Reliance had been placed on CIT vs Holcim India P. Ltd. [2015] 57 taxmann.com 28 [Del.] and distinguished the earlier decision of Maxopp Investment Ltd. vs CIT [2012] 347 ITR 272 (Del.) by holding as under:-
“In light of the clear exposition of the law in Holcim India P. Ltd.’s case (supra) and in view of the admitted factual position in this case that the assessee has made strategic investment in shares of Max India Ltd.; that no exempted income was earned by the Assessee in the relevant AY and since the genuineness of the expenditure incurred by the Assessee is not in doubt, the question framed is required to be answered in favour of the assessee and against the Revenue. ………………………………………… 23. In the context of the facts enumerated hereinbefore the Court answers the question framed by holding that the expression 'does not form part of the total income' in Section 14A of the envisages that there should be an actual receipt of income, which is not includible in the total income, during the relevant previous year for the purpose of disallowing any expenditure incurred
I.T.A .No.-4306/Del/2014 in relation to the said income.

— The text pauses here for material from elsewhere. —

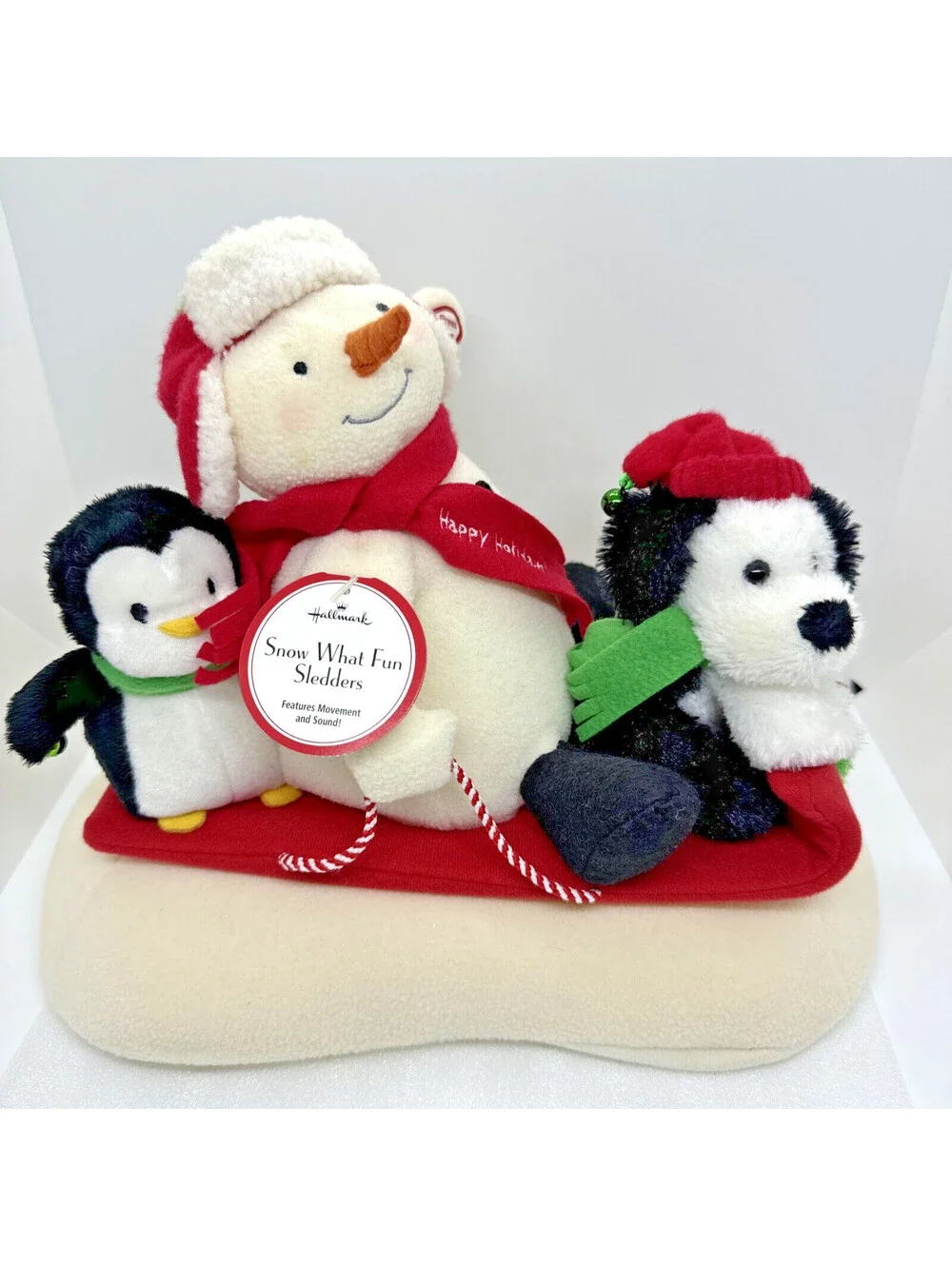 Hallmark 2007 Musical Snowman Jingle Pals Snow What Fun Sledders Penguin Dog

In other words, Section 14A will not apply if no exempt income is received or receivable during the relevant previous year. 2.3. Accordingly, it was his submission that the addition made may be deleted.
Ld. Sr. DR relied upon the orders of the authorities below however he did not refer to any contrary decision either of the Jurisdictional High Court or the Apex Court so as to canvass a contrary view.

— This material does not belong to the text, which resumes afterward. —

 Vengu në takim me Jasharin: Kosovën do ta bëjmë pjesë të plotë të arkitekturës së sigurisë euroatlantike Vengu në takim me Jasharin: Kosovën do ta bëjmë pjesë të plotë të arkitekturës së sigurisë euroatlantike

Having heard the rival submissions and perused the material, I am of the view that the assessee’s prayer deserves to be allowed. The record shows that the assessee made the investment in its sister concern and the decision to so invest , it has been consistently stated was so taken solely by the Directors and did not involve any other person. It has also been consistently stated that it was not guided so as to earn exemption whenever income is earned. Admittedly no exempt income was earned in the year under consideration. In the absence of any contrary argument on fact or law by the Revenue, respectfully following the precedent as laid down by the Jurisdictional High Court in the case of Chem Invest Ltd. (cited supra) which follows the decision rendered in CIT vs Holcim India P. Ltd. (cited supra), I find that the addition made is to be deleted. The said order was pronounced in the open Court at the time of hearing.
In the result, the appeal of the assessee is allowed. The order is pronounced in the open court on 19th August 2016.